C’est le même principe qui explique le silence mondial face au scoop du siècle : le plus vieux président du monde reconduit jusqu’à 99 ans. Personne ne s’en émeut parce que, dans l’ordre occidental, le peuple camerounais n’existe pas. Il vote ? Une formalité. La preuve : à Yaoundé, ce ne sont pas des Kissinger de la diplomatie qui défilent, mais des militaires américains et français.
Depuis l’assassinat de Um Nyobé, Moumié, Ouandié, l’effacement du peuple camerounais est une politique assumée — menée au vu et au su de tous, avec la complicité de la « communauté internationale ». Paul Biya après Ahidjo, soigneusement sélectionné par Pierre Messmer, a prolongé cet effet d’anesthésie pendant 43 ans. Pourquoi changer un système qui fonctionne si bien pour tous… sauf pour les Camerounais ?
L’élément le plus saisissant de cette crise post-électorale est que, malgré un vote clair, les Camerounais demeurent en 2025 un peuple politiquement invisible. Leur voix ne doit compter ni dehors, ni dedans — d’où la répression sanglante passée sous silence. Cette invisibilité n’est pas conjoncturelle ; elle est structurelle, inscrite dans l’histoire du Cameroun depuis Berlin. Et c’est précisément ce cycle que Tchiroma, volontairement ou non, vient de briser.

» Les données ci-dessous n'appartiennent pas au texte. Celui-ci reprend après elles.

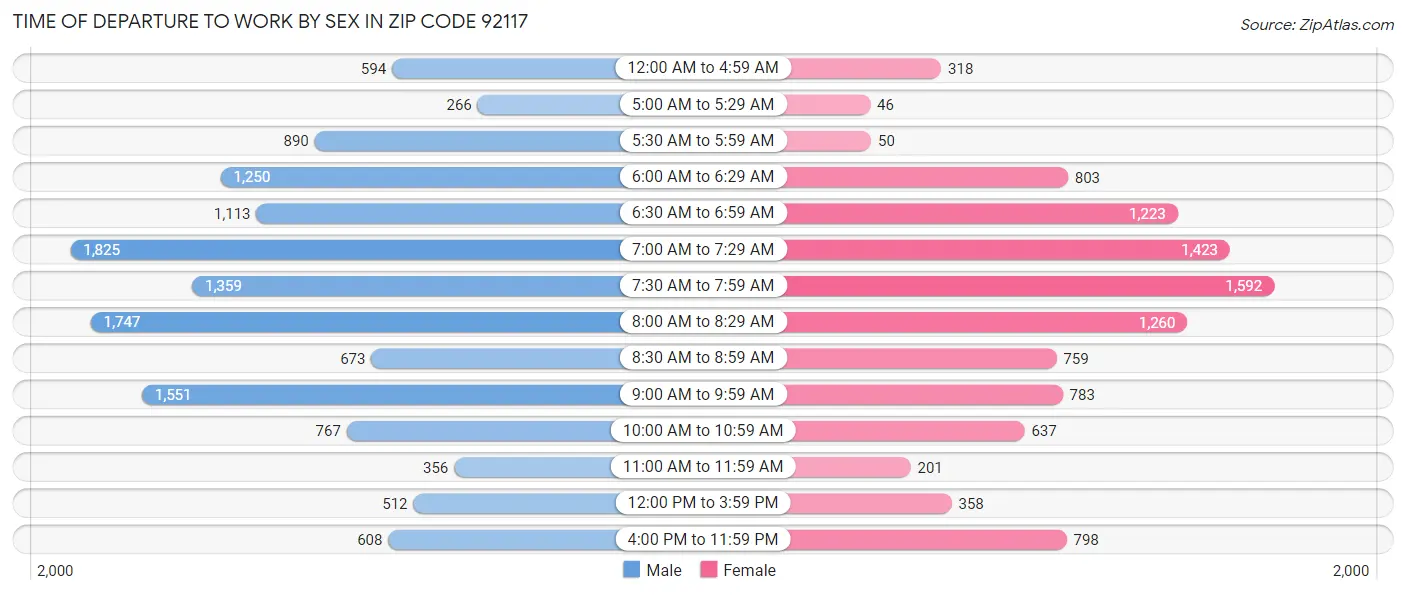 Time of Departure to Work by Sex in Zip Code 92117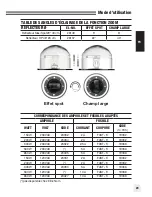 Предварительный просмотр 29 страницы Elinchrom ScanLight Halogen - 20998 User Manual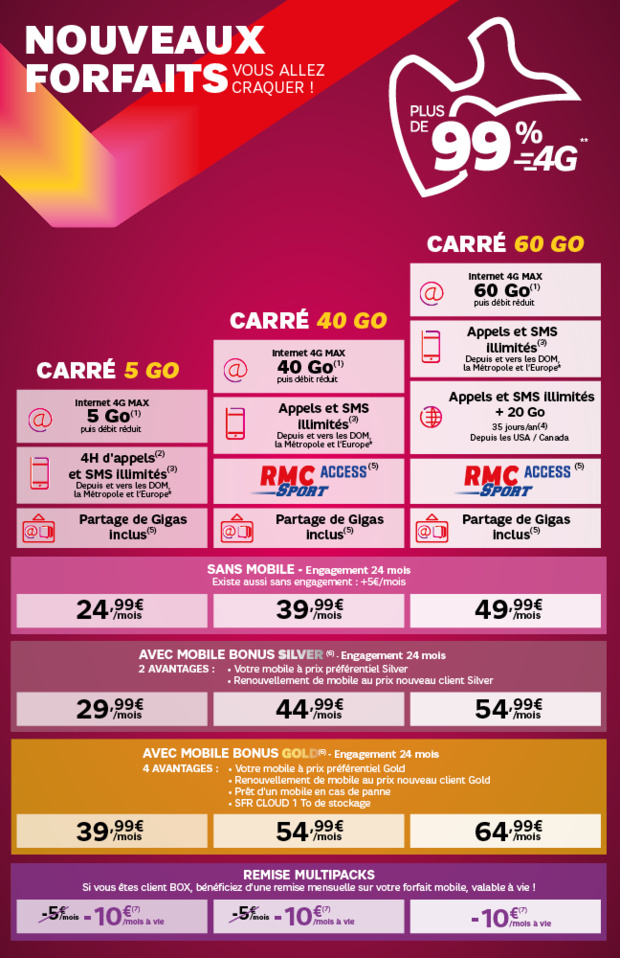 Antilles-Guyane: SFR lance ses nouveaux forfaits mobile Antilles-Guyane: SFR lance ses nouveaux forfaits mobile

Son élection révèle le jeu réel de la France et des États-Unis : préférer ne pas reconnaître un choix populaire qui remet en cause leurs alliances traditionnelles, et soutenir un statu quo vieillissant. En se faisant élire par les urnes et en appelant le peuple à défendre son vote, Tchiroma a fait émerger un acteur désormais incontournable : le peuple camerounais déterminé à exister enfin. Son appel à la communauté internationale pour reconnaître les résultats s’est heurté à un silence qui en dit long :
Paris et Washington, réajustant leur stratégie après leur recul au Sahel, considèrent désormais Yaoundé comme un dernier point d’ancrage face à l’expansion de l’Alliance des États du Sahel (AES). En effet l’éviction de la présence française au Mali, au Niger et au Burkina Faso redistribue les cartes. Dans ce contexte, le Cameroun devient crucial : pour Washington, pivot militaire en Afrique centrale ; et pour Paris, dernier îlot de stabilité après la débâcle sahélienne.
Cette réalité ouvre pour Tchiroma un chemin historique : une alliance entre les Camerounais — longtemps ignorés — et l’AES, contre Paul Biya, ou ce qu’il en reste, et ses alliés historiques de l’effacement du peuple au profit du territoire. Dans cette bataille, Tchiroma devra se méfier des séductions diplomatiques comme l’offre française via Tinubu, d’une vice-présidence qui n’est qu’une stratégie de neutralisation du vote populaire. La seule porte viable pour Tchiroma est celle de l’AES : un mouvement qui parle à tous les camerounais de la base au sommet. Entre la prolongation interminable d’un règne et les crises liées à l’âge du président, qui attendent le Cameroun, l’explication la plus cohérente de cet ajournement est une conspiration contre l’existence politique du peuple camerounais. Tchiroma incarne désormais la possibilité de briser ce cycle et un rapprochement avec l’AES peut devenir l’occasion historique de sortir de l’invisibilité.
Le 12 octobre 2025, les Camerounais ont certes sanctionné un régime mais n’ont pas réussi a remporter la victoire contre leur négation. Tchiroma a ouvert une brèche. Reste à savoir si les Camerounais en refusant d’être effacé à nouveau sauront la transformer en rupture historique et mettre fin à 141 ans de cycle colonial et néocolonial — pour devenir, enfin, non plus de simples figurants gênants sur un territoire qui n’est qu’un décor pour eux, le Cameroun, mais les véritables acteurs de leur destin.